The trailing edge core 21 further comprises a notch 32 on its downstream edge 30. The notch 32 is arranged in the head zone 25a. The notch 32 is substantially U-shaped, oriented so that the opening of the concavity of the U is oriented in the axial direction X.

There illustrates the first molding face 20, devoid of the cores 21, 22. The first molding face comprises holding members P1a, P1f, P2a, P2f, P3a, P3f, P4, P5, P6a, P6f for maintaining the position of the cores into the injection mold. Each holding member maintains in position, in one of the three directions X, Y or Z, the leading edge core 22 or the trailing edge core 21, or the two cores 21,22. In particular, and as detailed below, the leading edge core 22 is placed in the injection mold by a first positioning reference, and the trailing edge core 21 is placed in the mold injection by a second positioning frame of reference. The first positioning reference frame is formed by the holding members P1a, P2a, P3a, P4, P5 and P6a. The second positioning frame of reference is formed by the holding members P1f, P2f, P3f, P4, P5 and P6f (or alternatively a point P6f'). Consequently, the injection mold comprises two different frames of reference, each intended for a different core, the holding members P4 and P5 being holding members common to the two cores.

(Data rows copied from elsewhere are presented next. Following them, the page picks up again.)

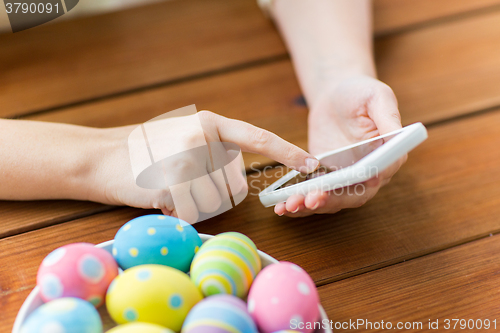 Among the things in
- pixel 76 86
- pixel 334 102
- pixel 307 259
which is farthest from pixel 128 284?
pixel 76 86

In particular, the holding members P1a, P1f, P2a, P2f, P3a and P3f (or first holding members) allow the leading edge core 22 or the leading edge core 22 to be maintained in position in the transverse direction Y. leak 21, or two cores 21,22. The holding members P1a, P2a, and P3a are provided for holding in position along the transverse direction Y of the leading edge core 22. The holding members P1f, P2f, and P3f are provided for holding in position following the transverse direction Y of the trailing edge core 21. Each of the holding members P1a, P1f, P2a, P2f, P3a and P3f extends from the first molding face 20, in the transverse direction Y. Each of these members is in support against one of the two cores, which prevents the movement of the cores in the transverse direction Y.

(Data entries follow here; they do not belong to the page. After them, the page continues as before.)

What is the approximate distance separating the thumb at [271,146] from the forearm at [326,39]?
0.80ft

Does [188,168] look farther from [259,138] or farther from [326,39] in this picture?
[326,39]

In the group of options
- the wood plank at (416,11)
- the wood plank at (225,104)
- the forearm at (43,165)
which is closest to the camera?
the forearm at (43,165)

In particular, the holding members P1a, P2a, P2f and P1f are arranged in the foot zone 26a, 26f of the cores. These holding members P1a, P2a, P2f and P1f are aligned in the axial direction X. The holding members P1a, P2a, P2f and P1f are arranged near the free end 31a, 31f of the cores. In other words the holding members P1a, P2a, P2f and P1f are arranged outside the free end of the cores, but in the foot zone 26a, 26f of the cores. The holding members P1a, P2a, P2f and P1f end in a support surface for the respective core, each of these support surfaces being substantially flat. In addition, each of these support surfaces is substantially perpendicular to the transverse direction Y. These surfaces are also located outside the functional zone.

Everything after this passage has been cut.